**Instructions to follow:** Using the data below, transcribe exactly everything from the line that contains "Toyota Hilux CD 4X4 2.8 Diesel Mec. 2021" down to the line that contains "2019 Tata Tiago". Include both of those lines and none of the pictures.

**Data to use:**
↓↓↓
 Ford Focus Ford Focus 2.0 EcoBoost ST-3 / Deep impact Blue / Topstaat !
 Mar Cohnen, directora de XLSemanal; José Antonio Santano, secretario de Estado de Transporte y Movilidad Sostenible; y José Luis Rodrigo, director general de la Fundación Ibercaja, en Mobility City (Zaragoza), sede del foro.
↑↑↑
↓↓↓
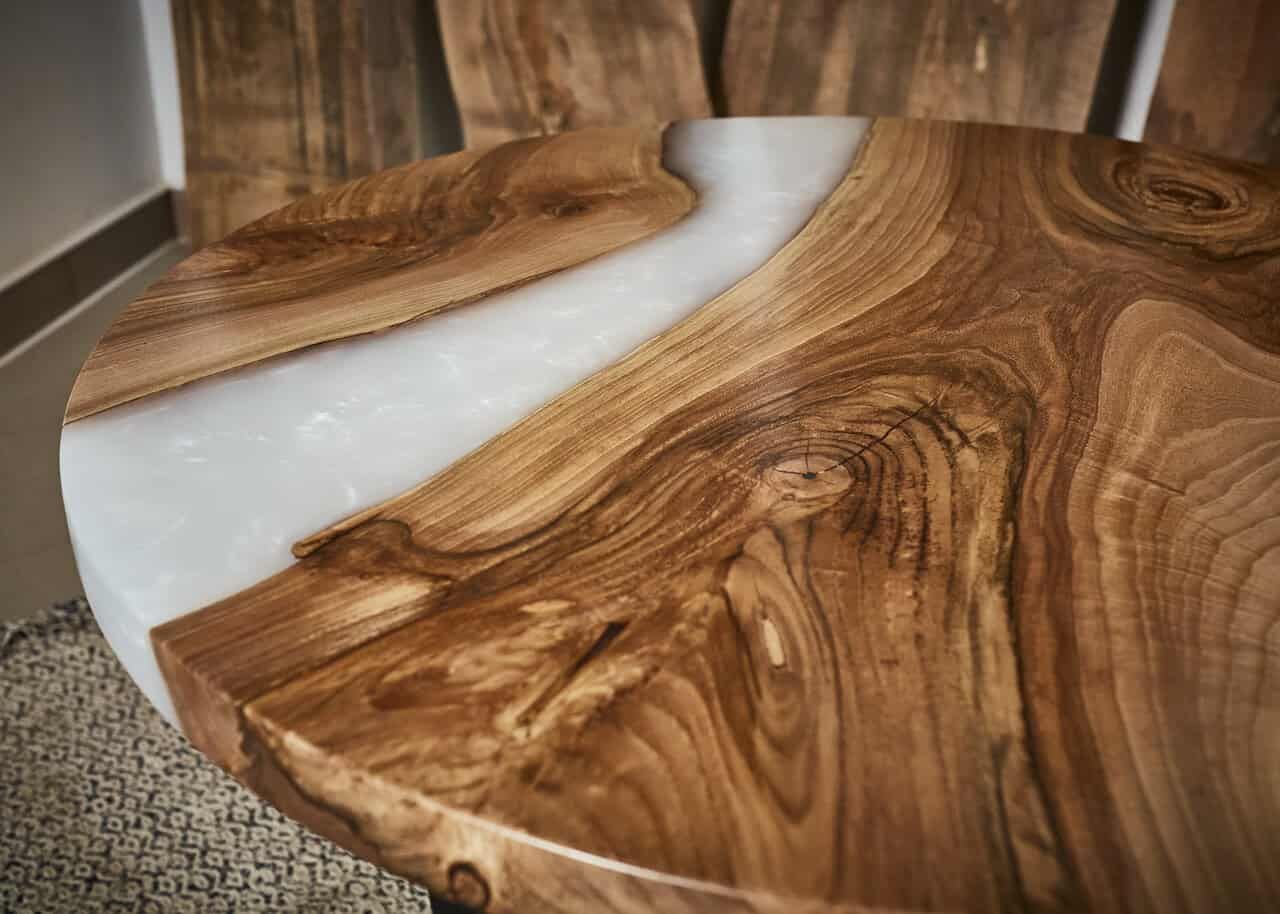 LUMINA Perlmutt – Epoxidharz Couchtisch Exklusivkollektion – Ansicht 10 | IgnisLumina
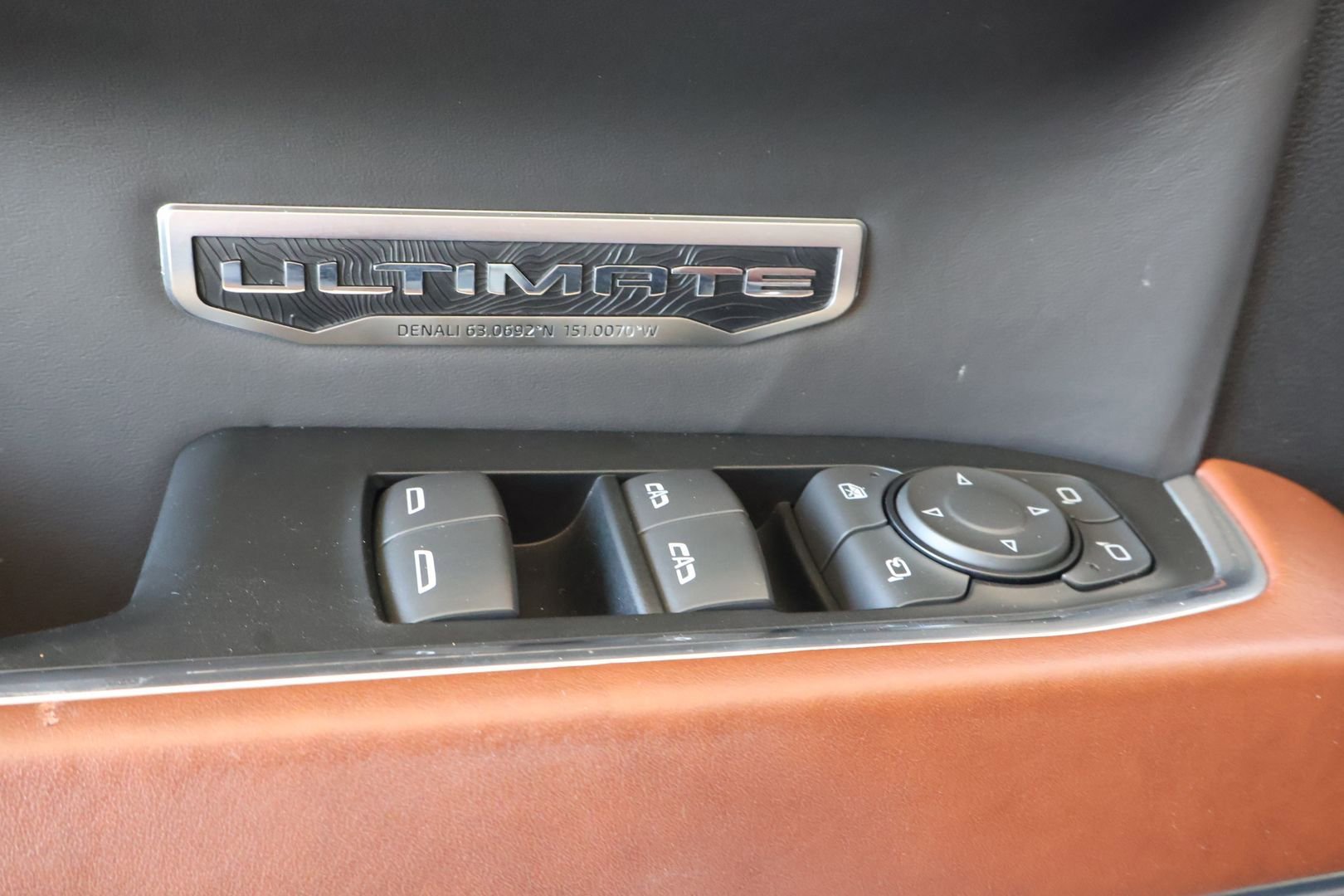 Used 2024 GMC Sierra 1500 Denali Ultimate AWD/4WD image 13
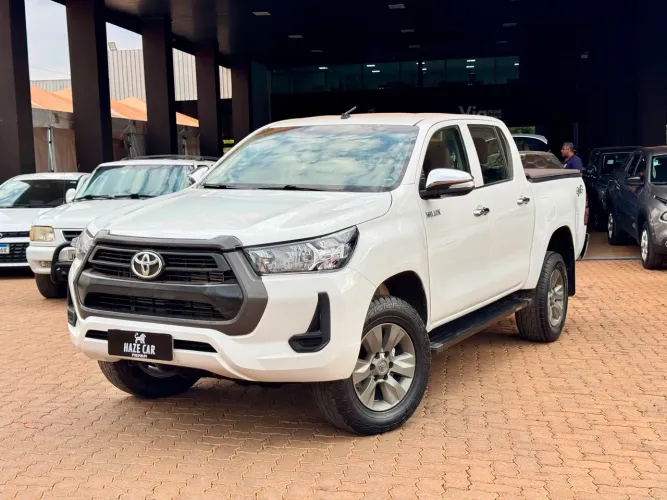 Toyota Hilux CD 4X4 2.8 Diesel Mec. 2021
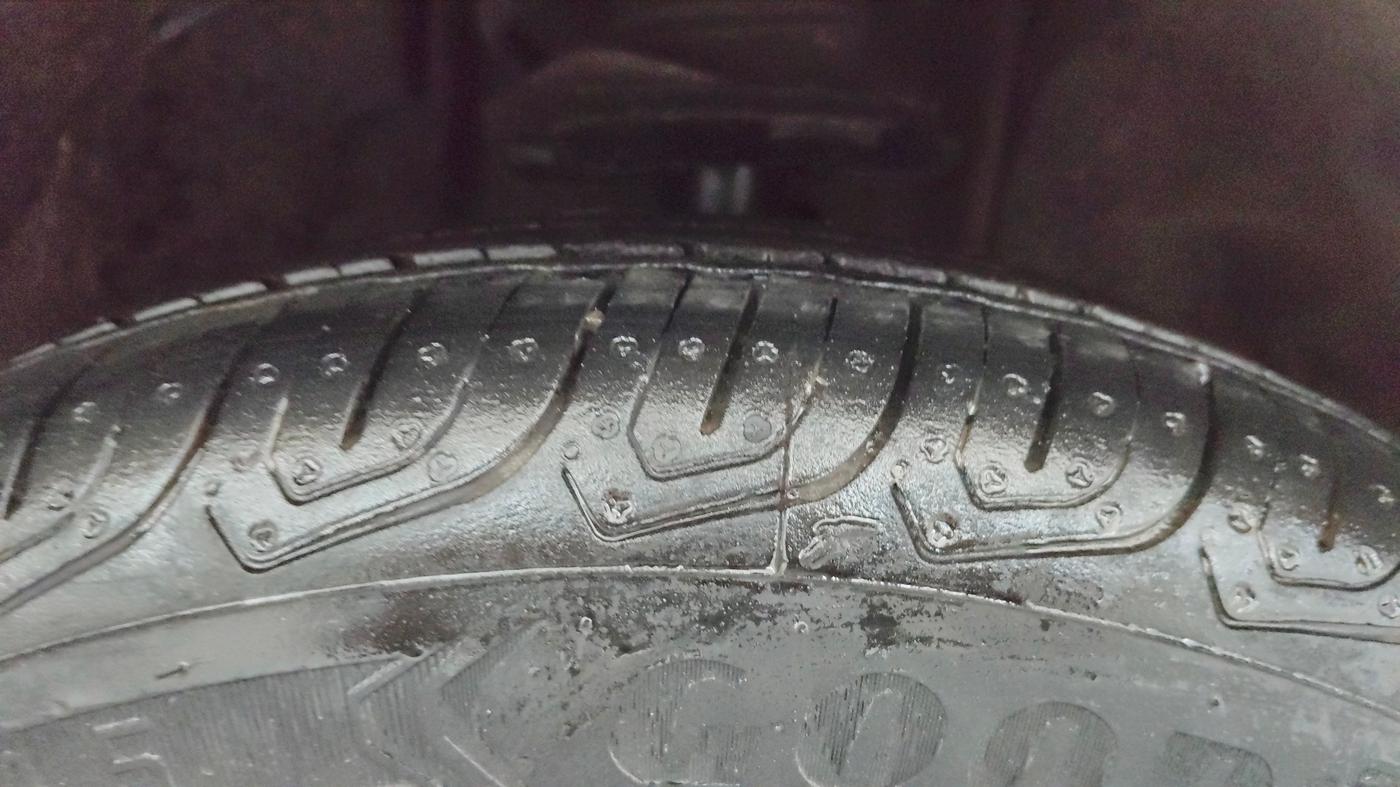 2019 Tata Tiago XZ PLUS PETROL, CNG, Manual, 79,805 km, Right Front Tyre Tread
↑↑↑
**Output:**
 Toyota Hilux CD 4X4 2.8 Diesel Mec. 2021
 2019 Tata Tiago XZ PLUS PETROL, CNG, Manual, 79,805 km, Right Front Tyre Tread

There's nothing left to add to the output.